==== SOURCE INFORMATION

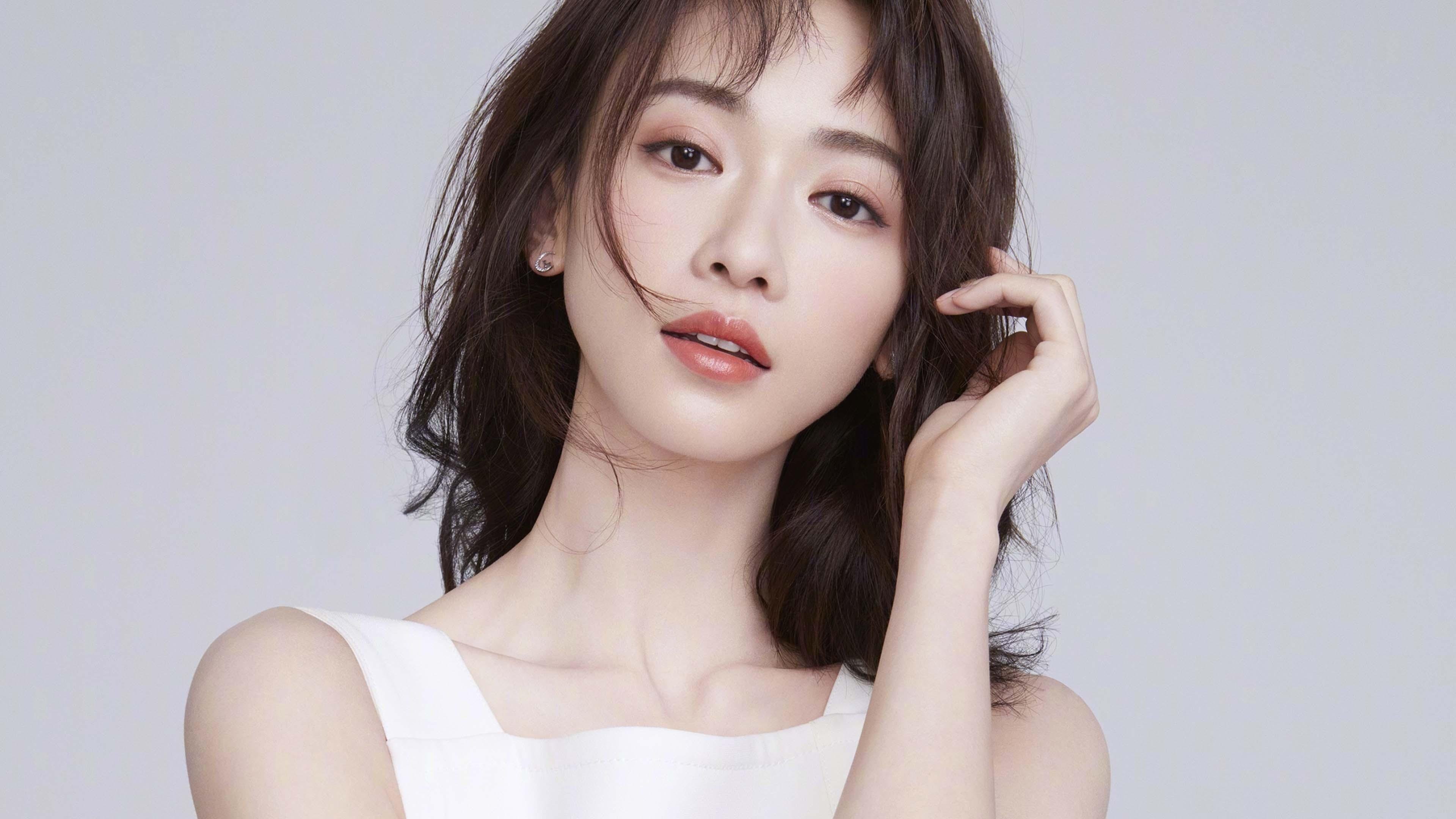 “法甲激斗正酣，豪门阵容争夺激烈”，法甲竞争激烈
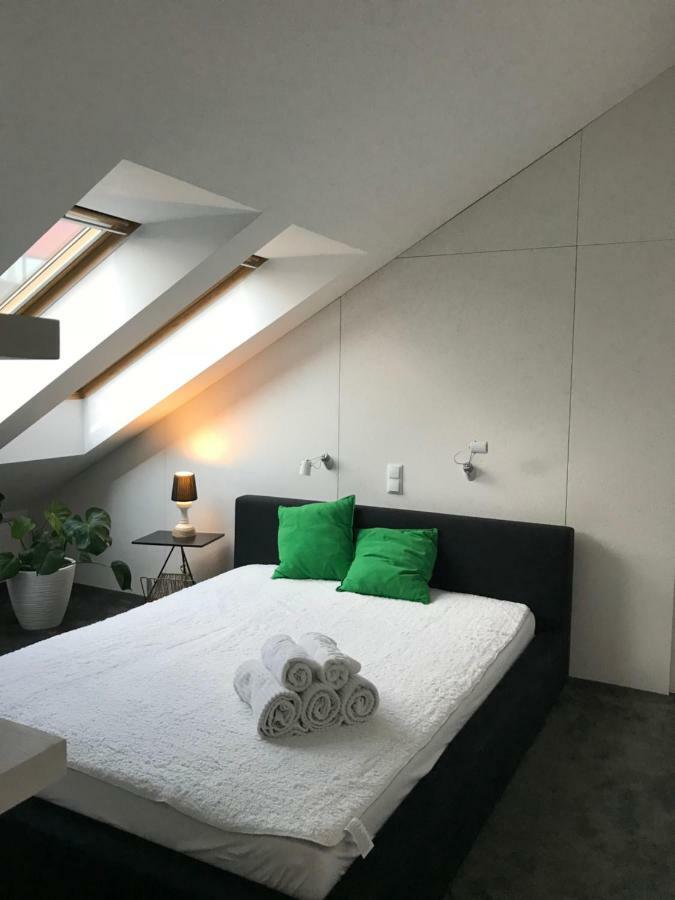 Apartament "Warszawa" エクステリア 写真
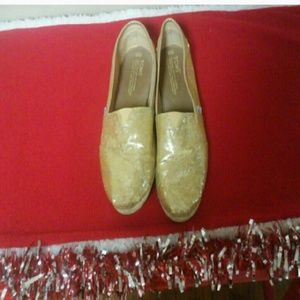 Rare gold Toms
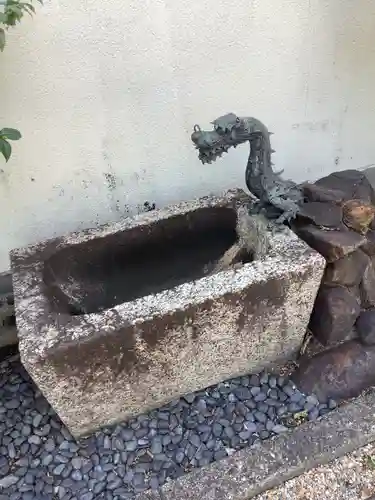 久證寺の手水舎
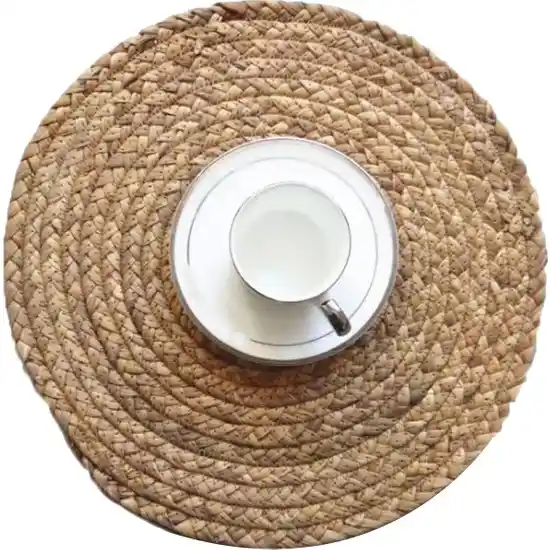 Yemek Servis Altlığı Seçenekleri ve Dekorasyonda Kullanım İpuçları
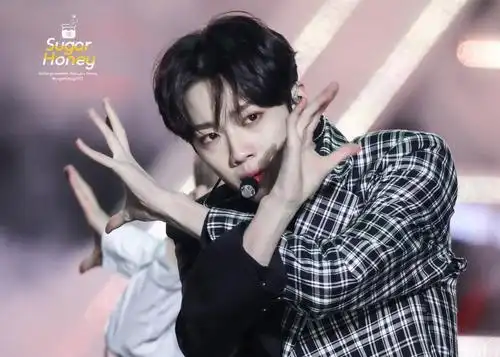 赖冠霖 - 堆糖,美图壁纸兴趣社区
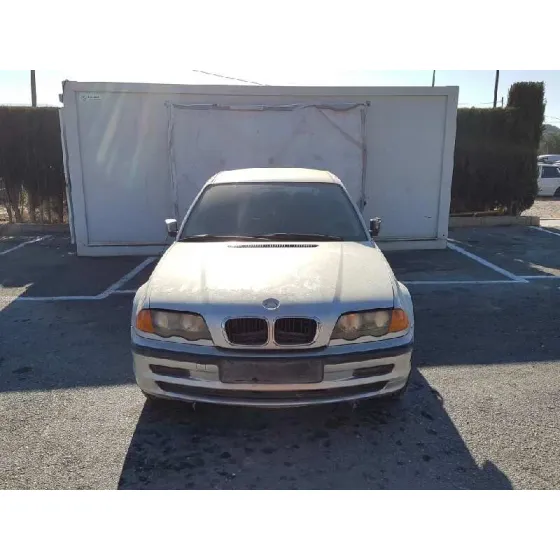 BMW SERIE 3 BERLINA (E46) '1999 318I GRIS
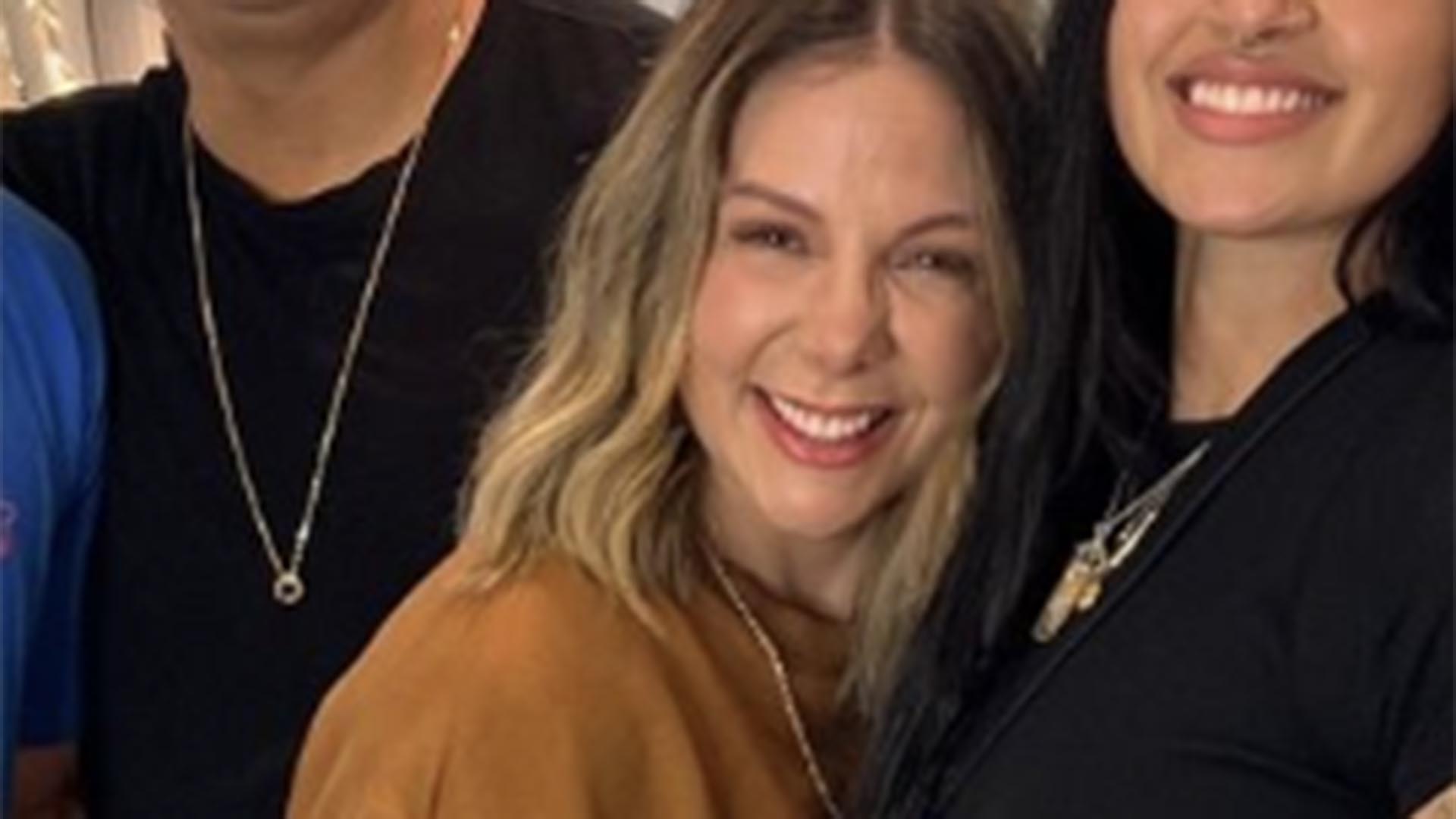 Carla Perez exibe foto inédita com as namoradas dos filhos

========

Repeat every record above exactly. Omit the pictures.

SOLUTION FOR THIS EXERCISE
 “法甲激斗正酣，豪门阵容争夺激烈”，法甲竞争激烈
 Apartament "Warszawa" エクステリア 写真
 Rare gold Toms
 久證寺の手水舎
 Yemek Servis Altlığı Seçenekleri ve Dekorasyonda Kullanım İpuçları
 赖冠霖 - 堆糖,美图壁纸兴趣社区
 BMW SERIE 3 BERLINA (E46) '1999 318I GRIS
 Carla Perez exibe foto inédita com as namoradas dos filhos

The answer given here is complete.